Такая природная среда позволяла заниматься земледелием лишь в северной и, отчасти, в средней части войска. Западная часть с её многочисленными озёрами, разливами и заливными лугами, при крайне низкой плотности населения создавала прекрасные условия для развития овцеводства и коневодства. Южная часть была самой непригодной для развития сельского хозяйства, а потому основным, а зачастую и единственным занятием её жителей было рыболовство. Данный вид промысла в Уральском войске играл особую роль. Богатый рыбой Урал в границах Уральского войска являлся собственностью всей войсковой общины, а потому доступ к его ихтиофауне был закрыт для иногородних лиц.

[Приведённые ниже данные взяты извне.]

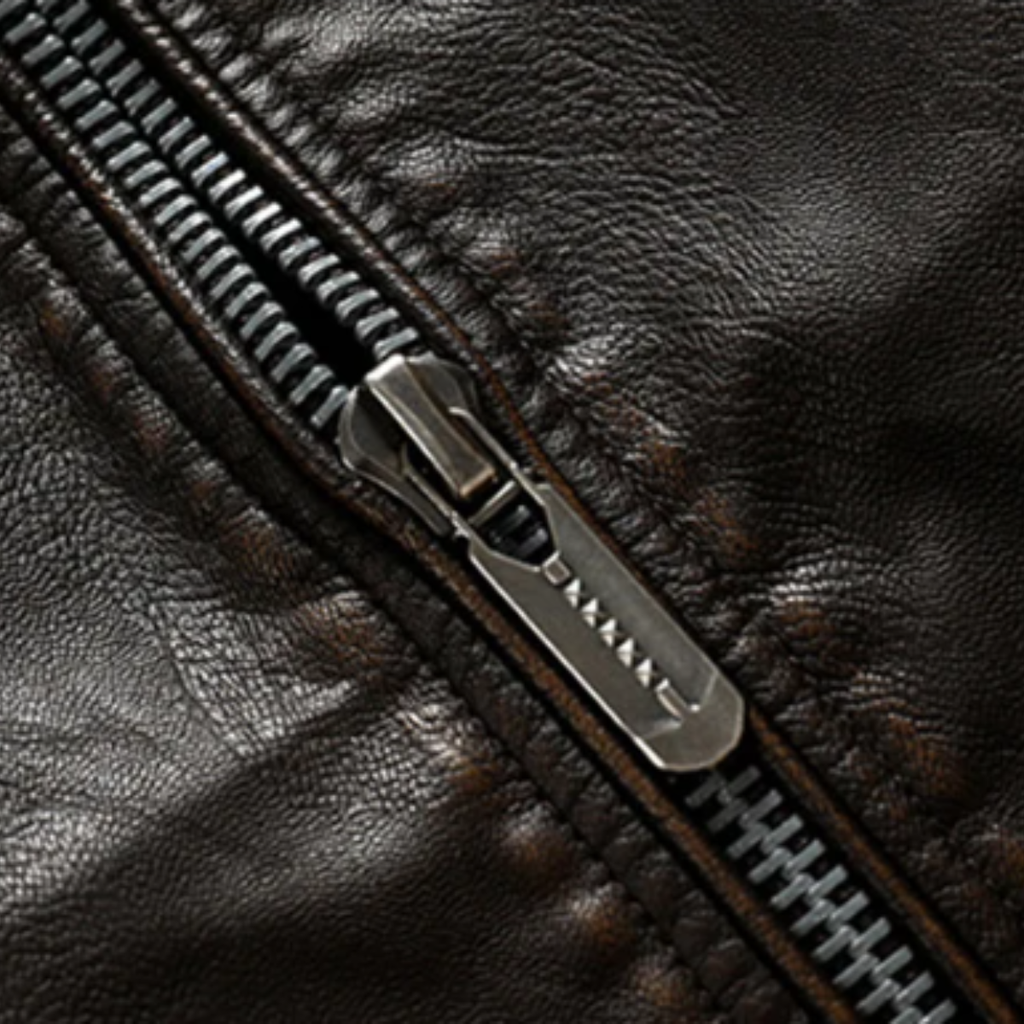 Merrick | Zip Up Leather Look Biker Jacket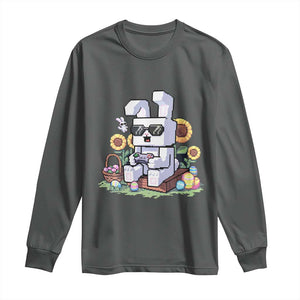 Pixel Art Gamer Bunny Easter Long Sleeve Shirt Cool Retro Gaming Vibes TS02 Dark Heather Print Your Wear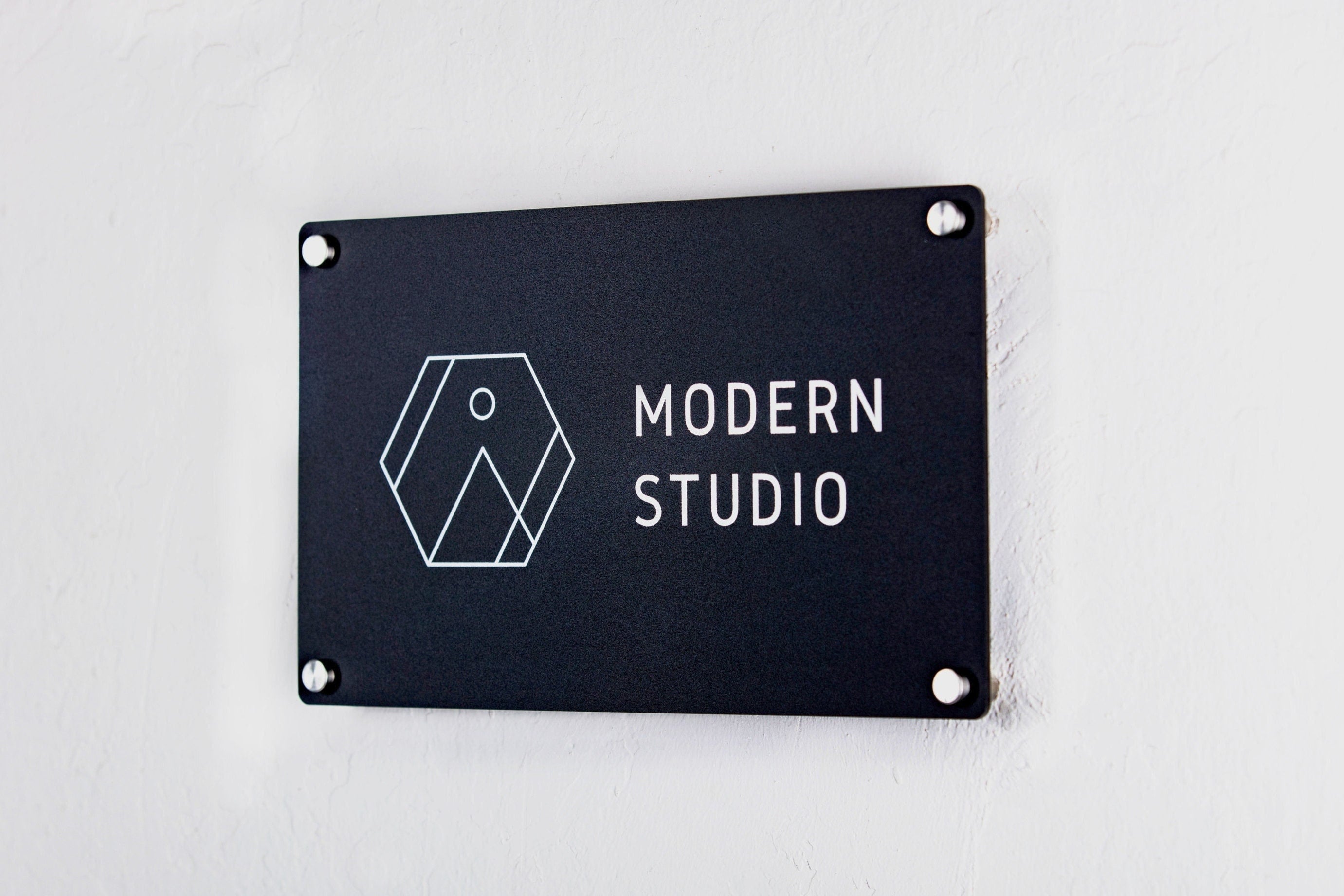 Black Acrylic Office Door Sign w/ Metal Stand Offs - 11.5x7 Custom Personalized Logo, Office Wall Decor, Salon Sign, Office Storefront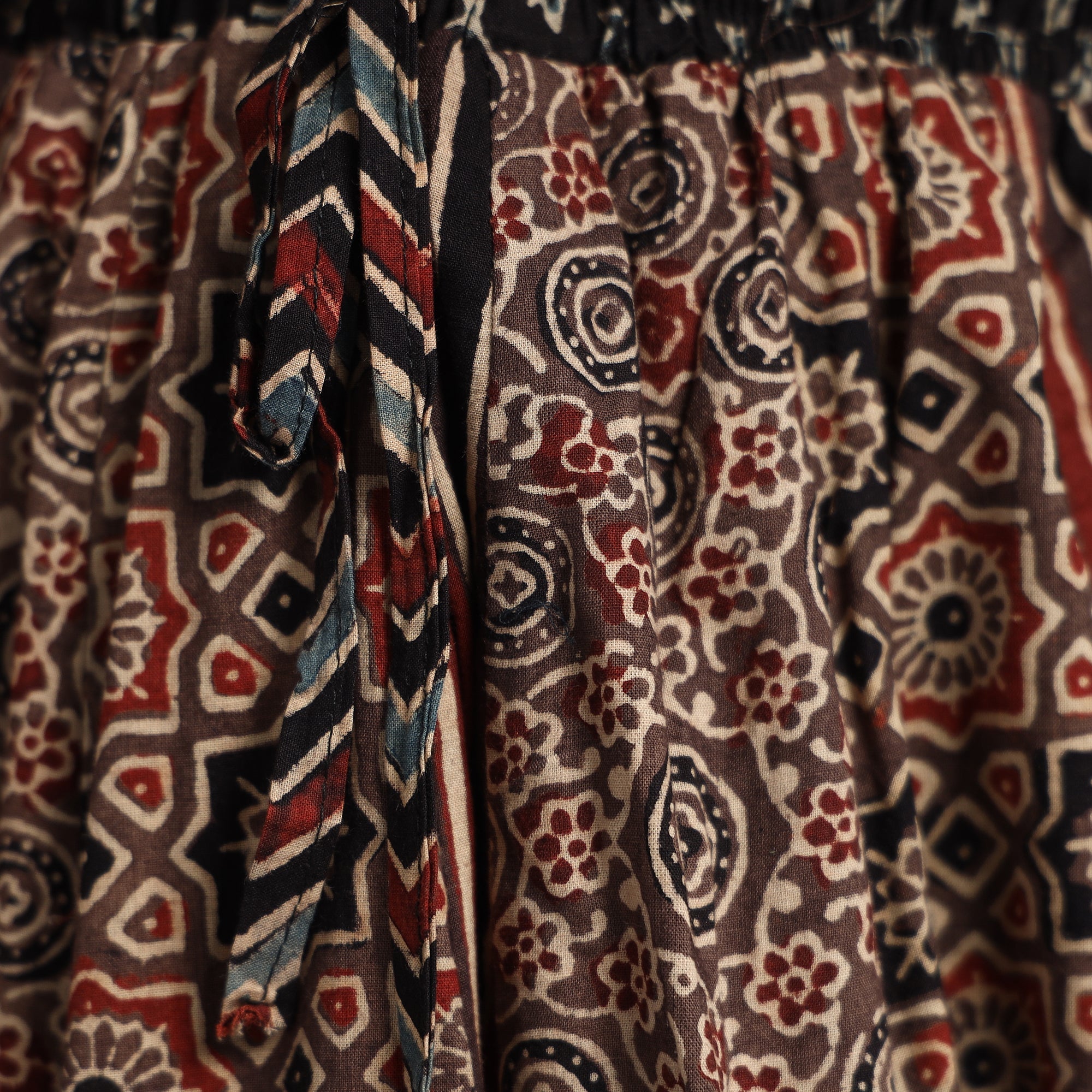 NOORI BAZAR Brown - Ajrakh Block Printed 24 Kali Patchwork Cotton Long Skirt - view 4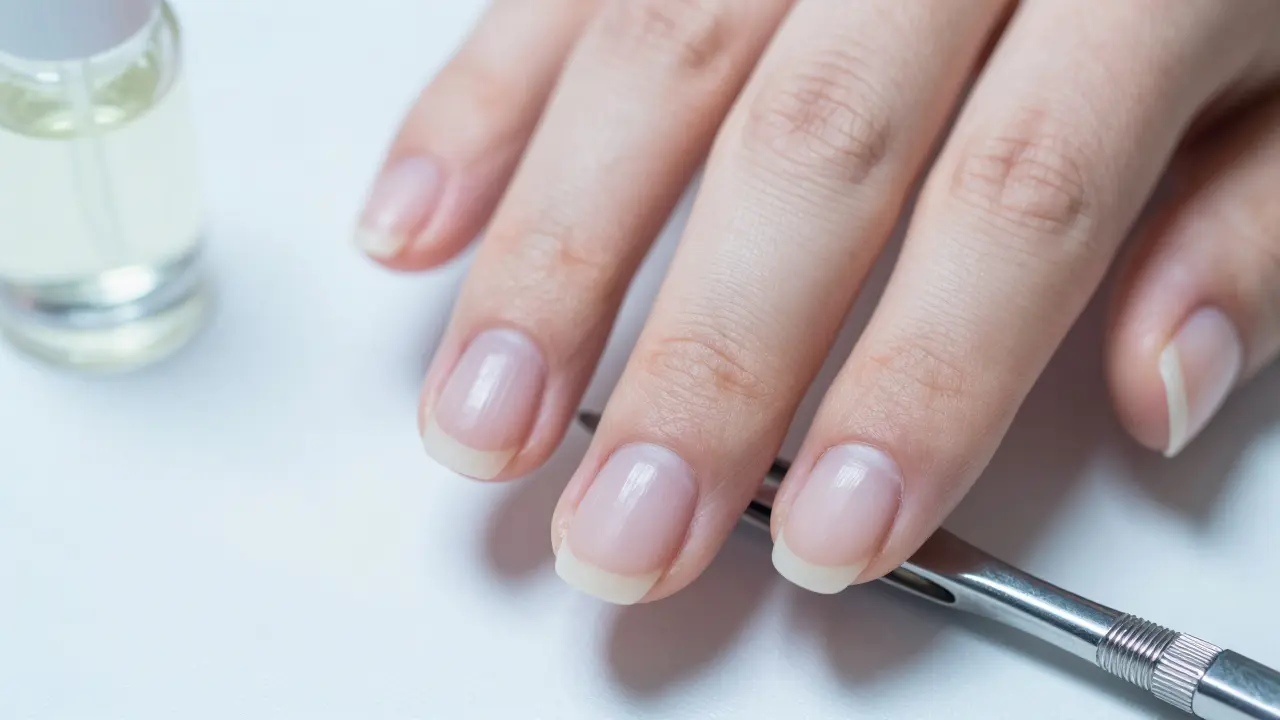 Detail zdravých nehtů s ošetřenými kůžičkami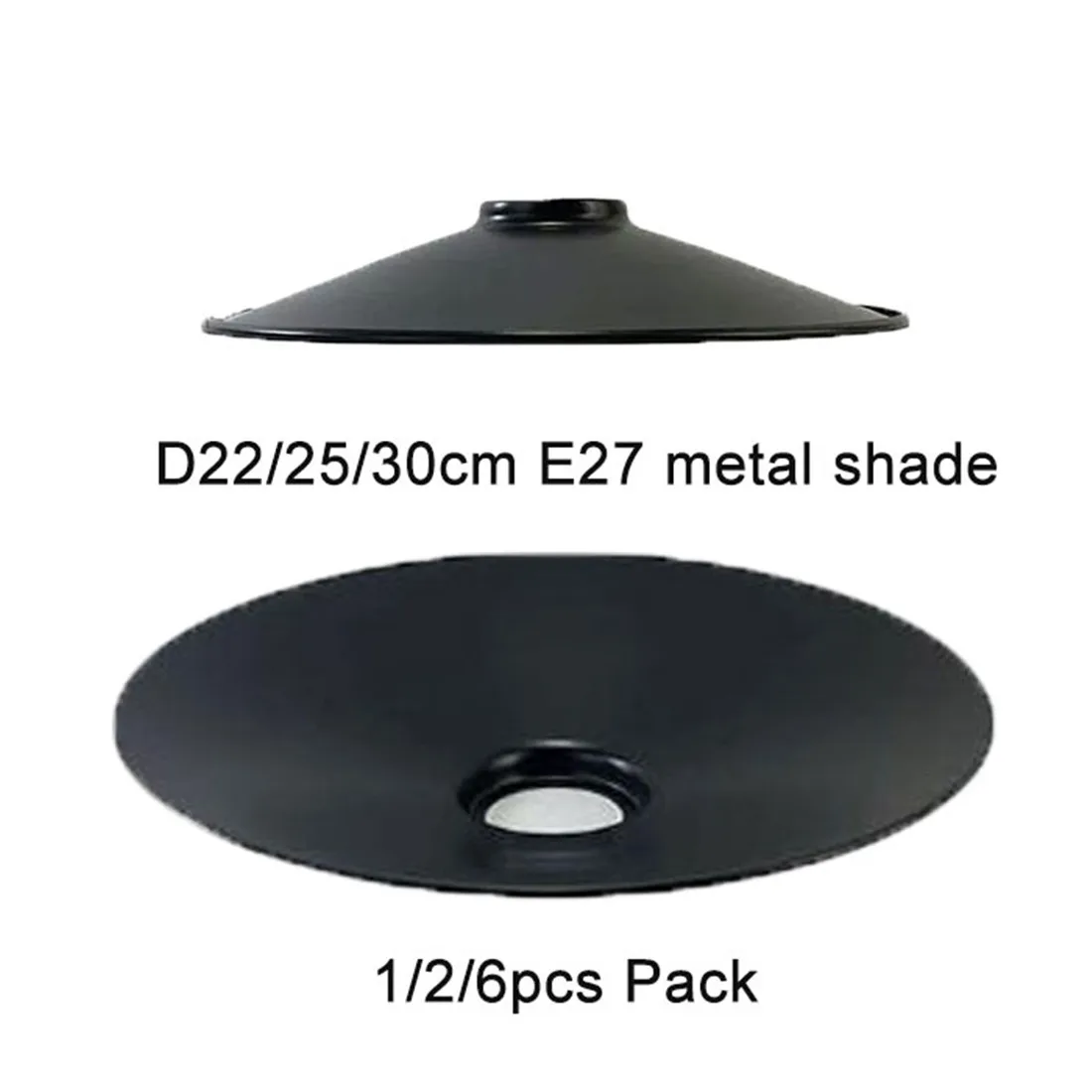 

Industrial Black E27 Metal Lamp Shade,Ultra Thin D22cm D25cm D30cm E26 Iron Cone Bulb Guard,DIY Light Covers for Pendant Lamp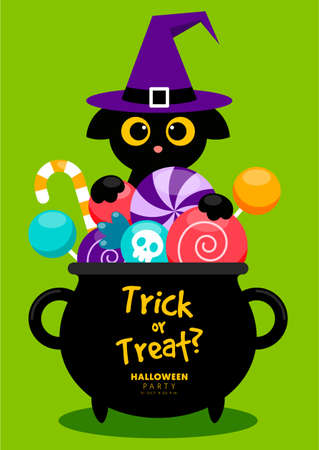 Happy halloween party banner template design flat design style, vector illustrationのイラスト素材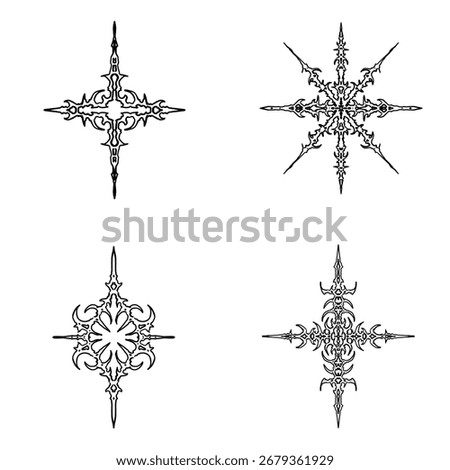 Set of symmetrical tribal cross vector designs with sharp gothic ornaments, perfect for tattoo art, emblems, and decorative streetwear elements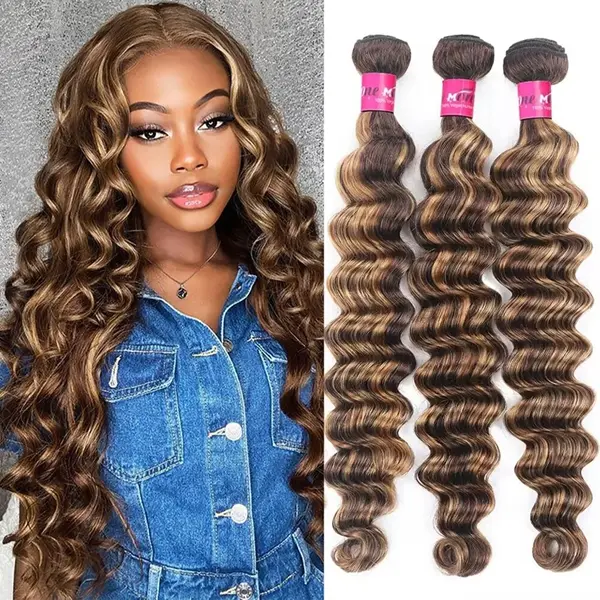 3 Bundles 4 27 Highlight Loose Deep Wave Bundles Honey Blonde Colored Human Hair Bundles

В целом можно сказать, что уральская казачья община сумела рационально распорядиться своими водными ресурсами, создав почти оптимальную систему хозяйствования в не столь богатом ресурсами крае.

Рыболовство стало первым хозяйственным занятием, к которому обращалась яицкая казачья община в перерывах между военными походами. Несколько позже стало распространяться животноводство. Хлебопашество зародилось сравнительно поздно — не ранее конца XVIII века. «К работам — ленивцы, хлеба не пашут, а живут от рыбных доходов, с которых каждый казак до 200 рублёв в год получает, и от множества скота и лошадей, по именью излишних на сенокошенье лугов», — писал о яицких казаках генерал фон-Фрейман вскоре после подавления казачьего восстания 1772 года [20. Д. 505/1. Л. 36 об]. Невзирая на присутствующий в его словах негатив, генерал правильно показал специфику экономического уклада Яицкого войска. В XIX веке роль земледелия начинает возрастать и к середине столетия ситуация становится уже не той, что была полвека назад. Со временем ряд предприимчивых казаков превращается в крупных поставщиков товарного хлеба на общероссийский рынок.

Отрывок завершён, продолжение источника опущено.